A mi alrededor se abrían pasillos y escaleras de piedra fría y húmeda. El silencio que reinaba en aquel lugar era escalofriante.

Únicamente oía el sonido de nuestros pasos.

Me sentí como si de repente me hubieran catapultado a otra época.

Sinceramente, no creía que lugares como aquel pudieran seguir habitados o incluso utilizados como internados para jóvenes.

Seguí mirando a mi alrededor con asombro.

En el lado derecho había muchas ventanas altas y estrechas, de aspecto gótico, que hacían aún más siniestro el ambiente. Me impresionó tanto la austeridad del lugar que apenas escuché las palabras de la monja, que seguía hablando mecánicamente:

—Tras las nuevas leyes de integración, nuestro internado también tuvo que adaptarse, así que ahora esta institución está abierta tanto a chicos como a chicas. En la planta baja se encuentran las aulas, el gimnasio y el comedor, mientras que en el segundo piso están los dormitorios. El ala oeste está reservada a los chicos y la este a las chicas. En la tercera planta, como puedes ver, se encuentran los distintos despachos y las habitaciones privadas de los profesores, así como una enorme biblioteca, a la que solo se puede acceder con el permiso de la hermana Elizabeth. La capilla ocupa toda el ala norte, justo enfrente de los jardines y los establos. Para acceder a ella, hay que salir al exterior y rodear el colegio.

La hermana Agatha continuó hablando en su tono llano pero cortante. Ni siquiera ella parecía especialmente amable o cálida. ¿Acaso nadie mostraba compasión ante los nuevos reclutas?
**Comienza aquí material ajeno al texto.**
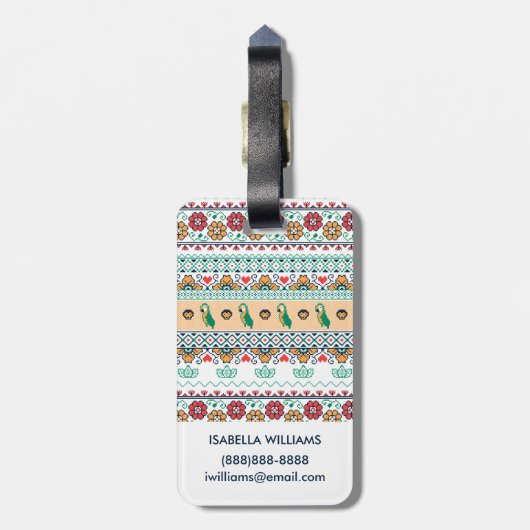 Étiquette À Bagage Frida Kahlo| Patron de Colores (Dos Vertical)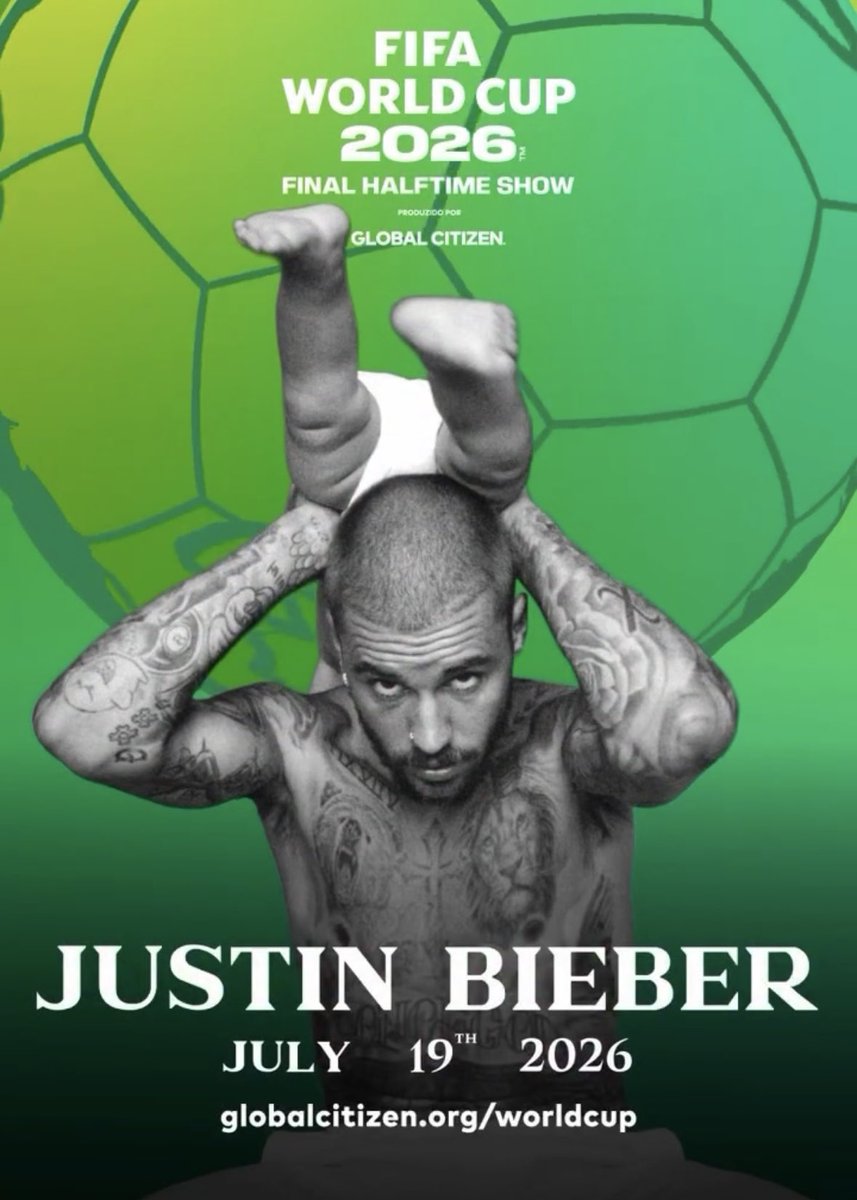 bieber_japan's tweet photo. ＼＼🚨 速報 🚨／／
#ジャスティン・ビーバー 
2026 FIFAワールドカップ決勝
ハーフタイムショーへの出演決定⚽️🔥

〈ジャスティンのコメント〉
「FIFAワールドカップは、他にはない形で世界をひとつにします。このハーフタイムショーに参加できること、そして世界中の子どもたちの教育支援につながることを、とても光栄に思います。」 

ワールドカップ決勝で初めて実施される公式ハーフタイムショー🪩✨

世界中が注目する歴史的なステージは、現地時間7月19日に開催予定です🎤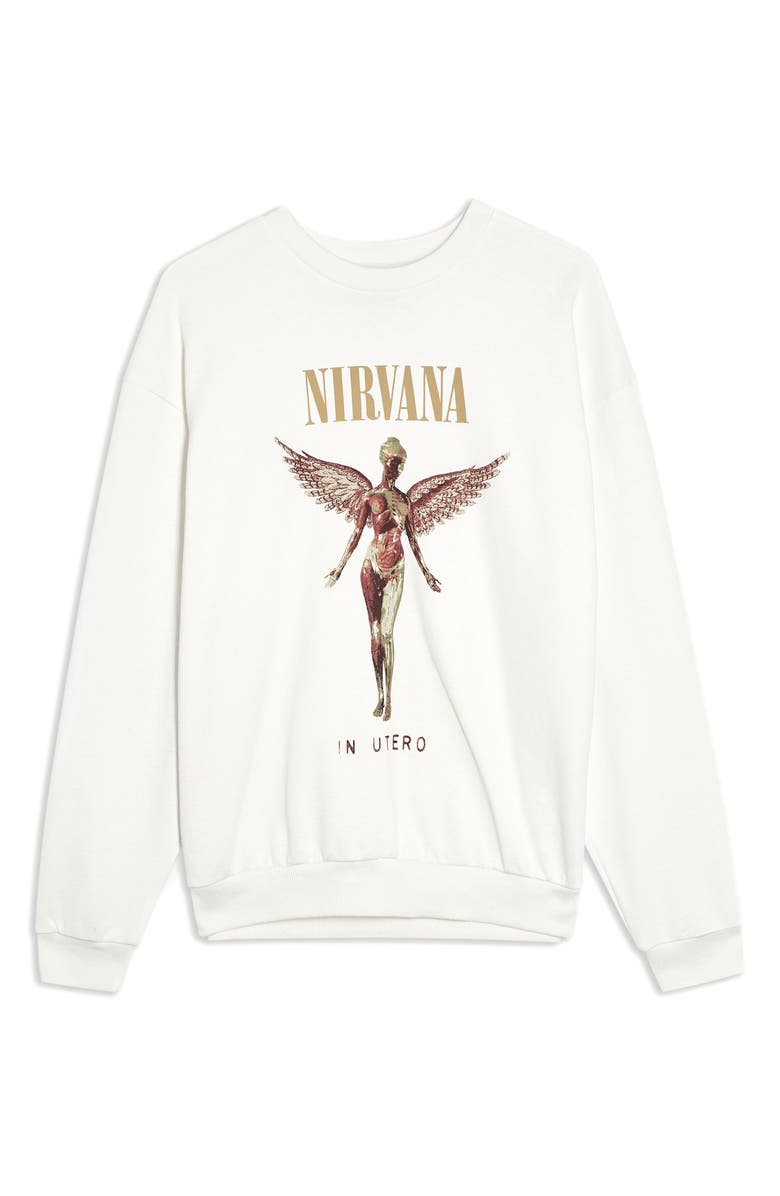 Topshop Nirvana Sweatshirt, Alternate, color, 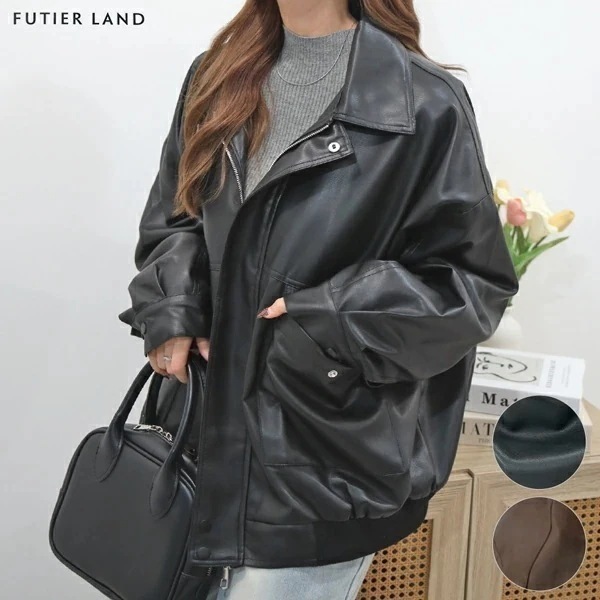 レザー アウター ジャケット テーラード フェイクレザー レザー風 ポケット付き リアル質感 レディース カジュアル 韓国ファッション / フェイクレザージャケット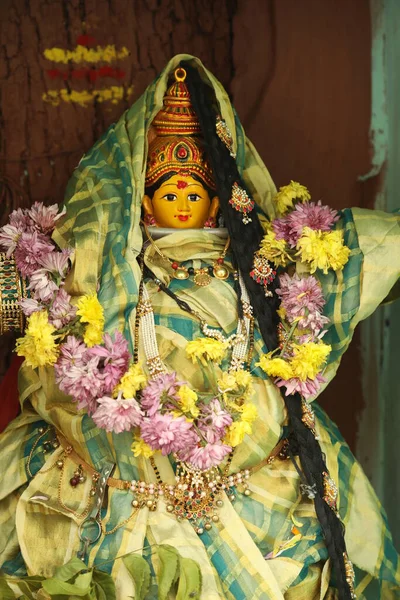 Hindu Gud Staty Ett Tempel — Stockfoto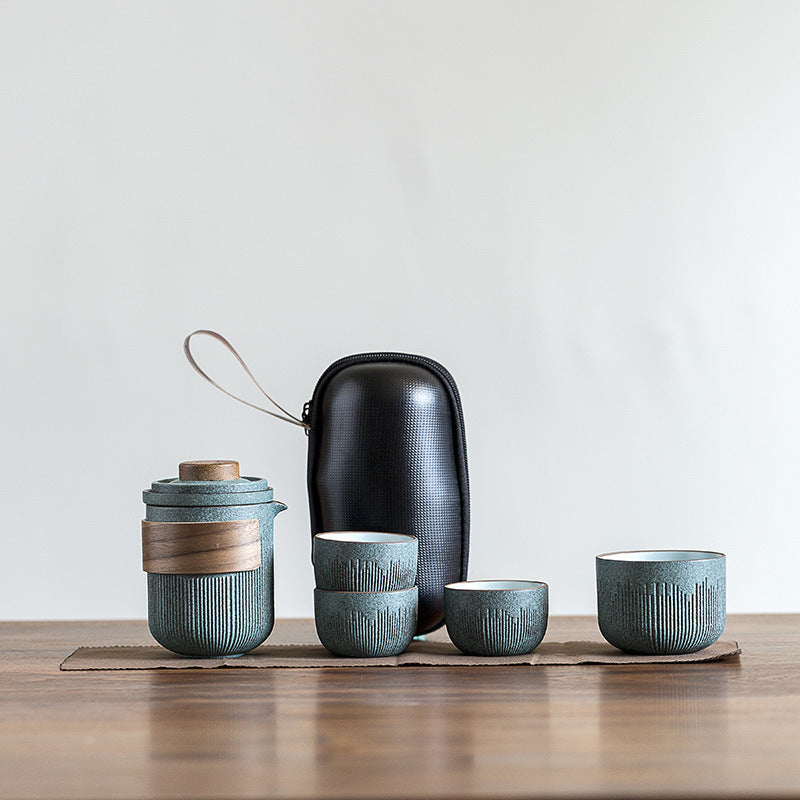 Bluestone Glaze Striped Quick Guest Cup One Pot Two Cups Four Cups Ceramic Travel Portable Tea Set Outdoor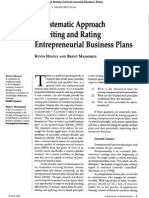 A Systematic Approach To Writing and Rating Entreprenuerial Business Plan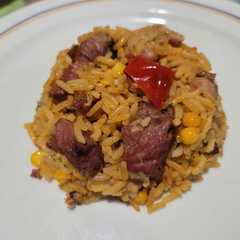 Arroz con maíz y lomo de cerdo ahumado-レシピのメイン写真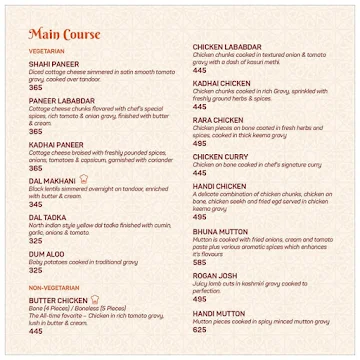 Mughal Affair menu 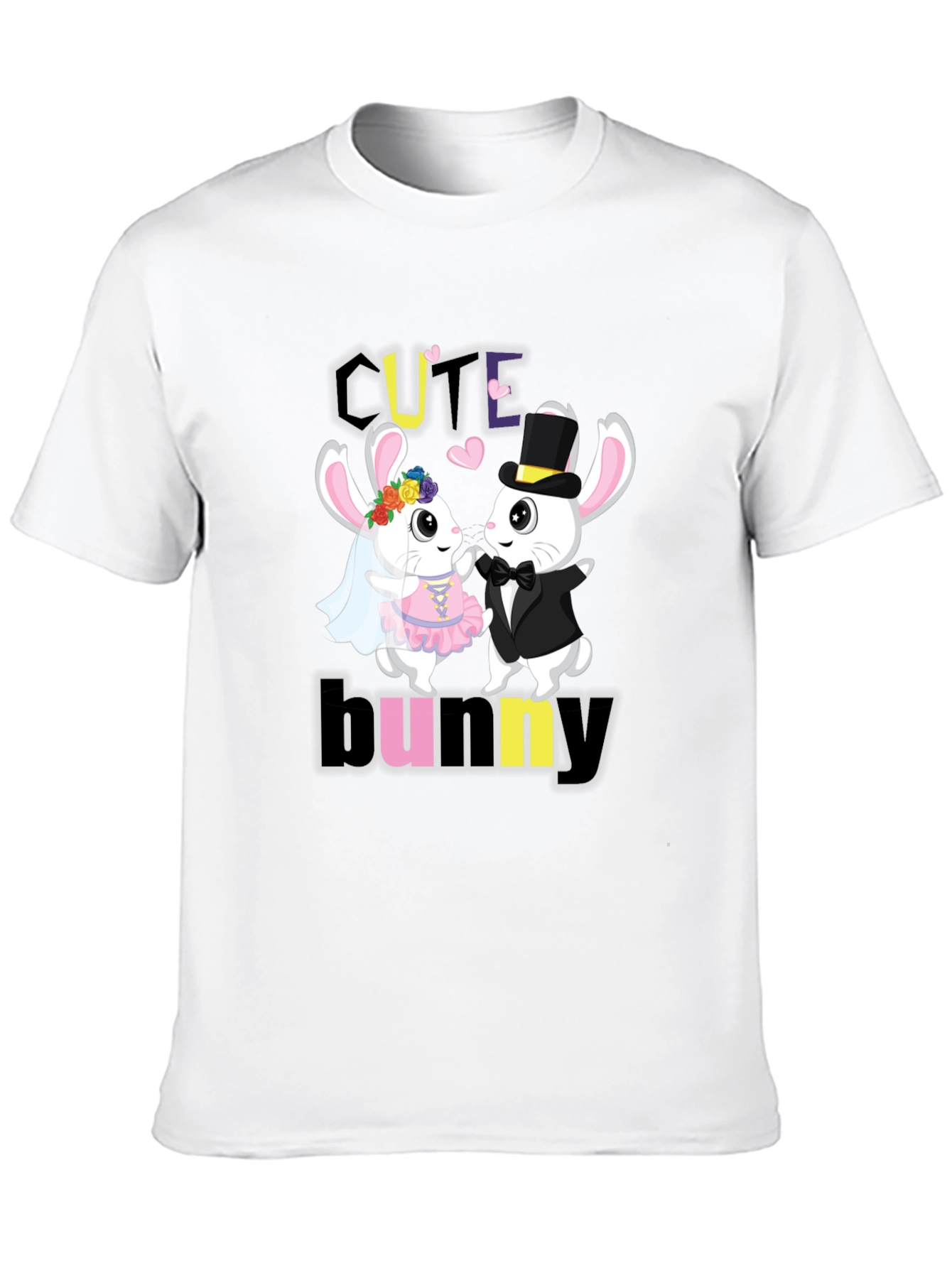 Cute Bunny Couple Graphic T-Shirt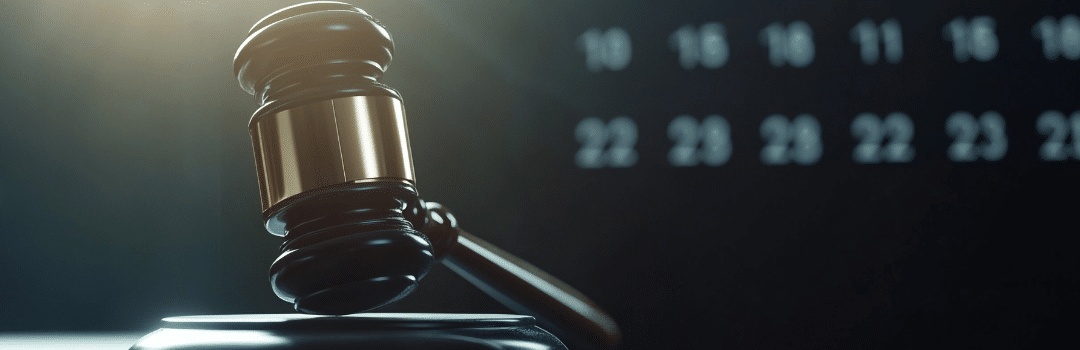 closeup of gavel with calendar blurred in background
—Te recuerdo que en los pasillos no se grita, no se corre y hay que respetar los horarios. Desayunáis a las siete, coméis a las doce y cenáis a las diecinueve después de la misa de dieciocho. Recuerda llevar siempre el uniforme del colegio cuando salgas de tu dormitorio y no dejes nunca tus objetos personales tirados por la habitación, de lo contrario te los confiscarán y los tirarán.

Esto no era una cárcel, ¡sino algo peor!

Bajamos las escaleras, caminamos por un largo pasillo y luego giramos a la izquierda en otro lúgubre corredor con paredes húmedas y oscuras.

Sentí que la humedad penetraba en mis huesos y un olor rancio me llenó los pulmones, provocándome náuseas.

—Aquí están los dormitorios. La puerta de tu habitación es la tercera a la derecha. Al fondo está el baño. Prepárate, vamos a rezar dentro de cincuenta minutos —concluyó la monja antes de marcharse.

—Gracias —susurré, pero de mi boca solo salió un aliento débil e insustancial.

Recorrí los últimos metros sola y abrí aquella terrible puerta de madera oscura con el picaporte negro, que ocultaba mi habitación.

Me bastó un rápido vistazo: dos camas, dos mesillas de noche, dos armarios para guardar lo mínimo, dos pequeñas mesas con dos sillas y un enorme crucifijo en el centro. 

En la cama de la izquierda estaba mi maleta y algo de ropa, mientras que sentada en la silla de al lado de la cama de la derecha había una chica enfrascada en la lectura del libro “En manos de Dios”.

—Hola, soy Vera Campbell, tu nueva compañera de habitación. Tú debes de ser María. —Intenté conversar para romper el hielo.

La chica levantó los ojos del libro y asintió sonriendo. Era de pocas palabras.

Tenía la cara redonda y pecosa. Tenía el pelo castaño claro recogido en una coleta y sus ojos verdes parecían amables.    

Llevaba el uniforme que pronto tendría que llevar yo: un traje azul de corte muy sobrio, con el dibujo de la abadía bordado en el bolsillo del pecho y una camisa blanca.

Lo primero que pensé fue que el azul no me sentaba bien, pero estaba demasiado cansada para preocuparme.

Abrí lentamente la bolsa. Contenía lo mínimo que había conseguido sacar de casa antes de mi repentina y desesperada huida.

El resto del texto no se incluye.